AVAILABLE DATA:
___
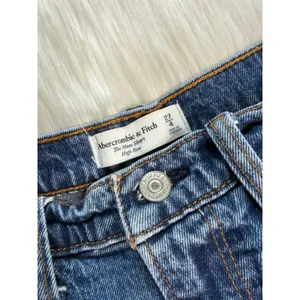 Abercrombie The Mom High Rise Denim Festival Cut Offs thumbnail 3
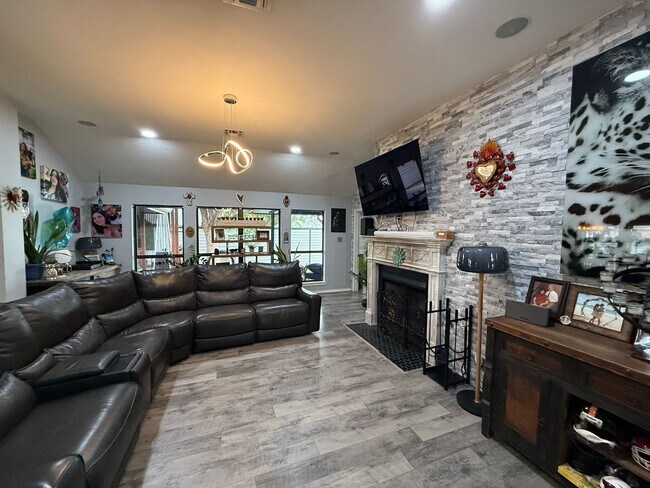 Foto del edificio - Beautifully updated home IN THE BLUFFS COMING SOON!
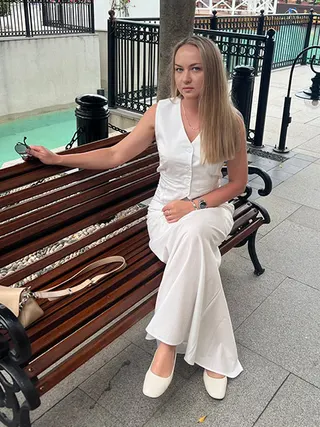 Another photo of YULIYA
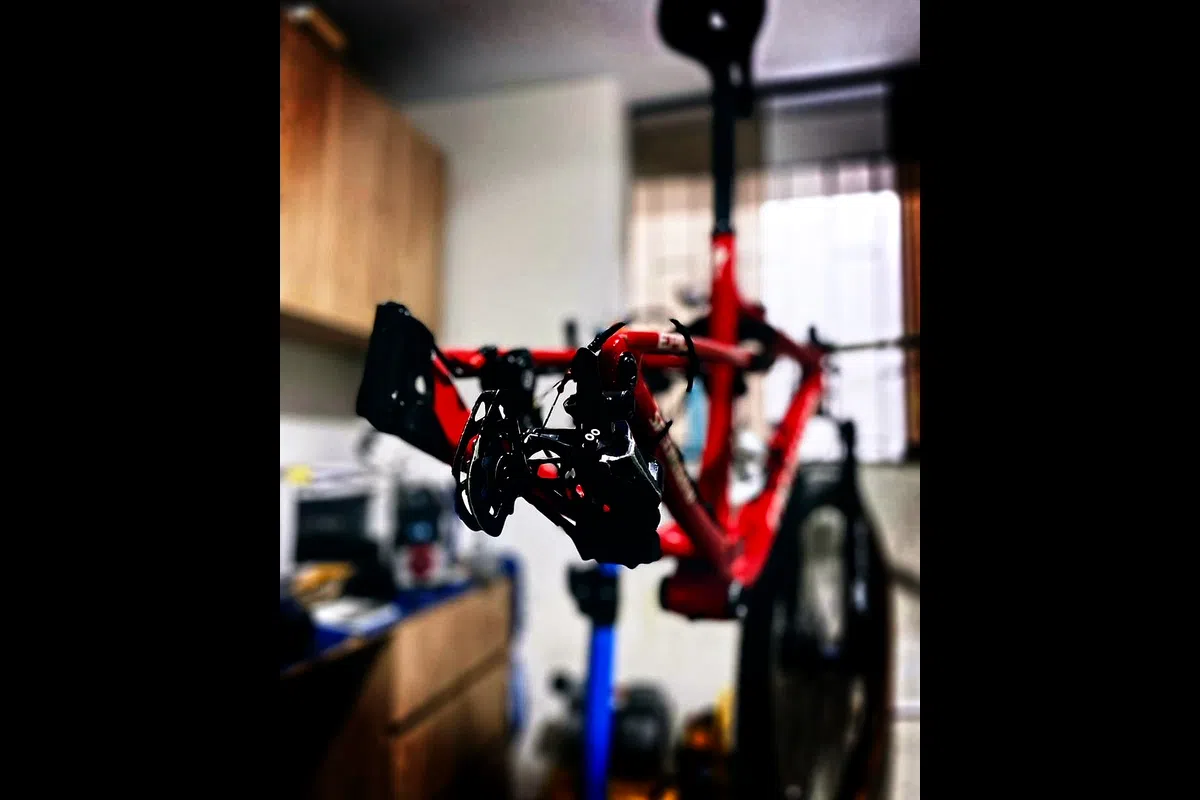 Limpieza técnica de transmisión de bicicleta de montaña Specialized en BikeLab Studio Trujillo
___
Apart from the pictures, every line above must be repeated exactly.

REPLY TO THE EXERCISE:
 Abercrombie The Mom High Rise Denim Festival Cut Offs thumbnail 3
 Foto del edificio - Beautifully updated home IN THE BLUFFS COMING SOON!
 Another photo of YULIYA
 Limpieza técnica de transmisión de bicicleta de montaña Specialized en BikeLab Studio Trujillo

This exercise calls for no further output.